Most people who use Signal or WhatsApp know their messages are “end-to-end encrypted” and have a rough sense that this means only they and the recipient can read them. Few people know what actually happens in the fraction of a second between pressing send and the message arriving on the other end. The gap between those two things is worth closing, because the details reveal something genuinely elegant, and because misunderstanding them leads to real security mistakes.
The Key Exchange Problem
The foundational challenge in encrypted messaging is this: how do two people agree on a secret when they’re communicating over a channel that anyone can observe? This isn’t a new problem. It was unsolved for most of human history, which is why wartime encryption required physically couriering codebooks. The solution, published by Whitfield Diffie and Martin Hellman in 1976, is one of the most important insights in computer science.
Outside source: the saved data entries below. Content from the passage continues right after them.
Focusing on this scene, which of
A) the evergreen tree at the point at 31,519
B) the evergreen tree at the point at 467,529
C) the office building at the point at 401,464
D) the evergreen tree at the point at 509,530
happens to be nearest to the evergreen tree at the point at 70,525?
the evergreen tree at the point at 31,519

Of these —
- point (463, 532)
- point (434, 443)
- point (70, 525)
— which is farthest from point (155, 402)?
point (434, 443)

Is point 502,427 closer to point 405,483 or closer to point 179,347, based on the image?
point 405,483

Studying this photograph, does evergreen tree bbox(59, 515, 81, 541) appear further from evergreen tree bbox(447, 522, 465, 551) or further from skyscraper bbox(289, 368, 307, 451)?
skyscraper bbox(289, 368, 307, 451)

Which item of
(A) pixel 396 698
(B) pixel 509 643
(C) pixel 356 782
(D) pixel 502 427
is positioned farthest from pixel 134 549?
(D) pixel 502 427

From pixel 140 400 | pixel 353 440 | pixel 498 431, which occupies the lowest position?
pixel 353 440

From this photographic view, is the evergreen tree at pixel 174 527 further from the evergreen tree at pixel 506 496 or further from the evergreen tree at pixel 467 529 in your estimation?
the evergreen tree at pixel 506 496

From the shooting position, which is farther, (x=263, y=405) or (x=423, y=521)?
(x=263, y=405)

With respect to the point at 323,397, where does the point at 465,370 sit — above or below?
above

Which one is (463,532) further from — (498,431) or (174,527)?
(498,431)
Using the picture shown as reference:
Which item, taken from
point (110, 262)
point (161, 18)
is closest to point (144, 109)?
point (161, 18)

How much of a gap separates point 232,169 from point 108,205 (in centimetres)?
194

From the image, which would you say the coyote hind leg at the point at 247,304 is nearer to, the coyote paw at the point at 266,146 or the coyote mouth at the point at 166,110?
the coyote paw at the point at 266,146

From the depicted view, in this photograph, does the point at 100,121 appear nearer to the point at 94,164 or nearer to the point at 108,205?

The Diffie-Hellman key exchange works through a property of modular arithmetic: certain mathematical operations are easy to compute in one direction and computationally infeasible to reverse. You and a stranger can each contribute a public number to a shared calculation, combine them with your respective private numbers, and arrive at the same secret value, without either of you ever transmitting that secret value. An observer who intercepts every message you exchange still can’t derive the secret. The math simply doesn’t run backwards fast enough.
Modern messaging apps don’t use Diffie-Hellman directly. Signal uses a protocol called X3DH (Extended Triple Diffie-Hellman), which is more sophisticated because it has to solve an additional problem: what happens when your recipient is offline when you send the message?
The Handshake Before Hello
When you install Signal and register your phone number, your app generates several sets of cryptographic keys. Some are long-term identity keys. Some are one-time prekeys, a bundle of single-use keys that get uploaded to Signal’s servers. When you send someone a message for the first time, your app downloads one of their prekeys from the server and uses it to perform the key exchange without your recipient being online at all.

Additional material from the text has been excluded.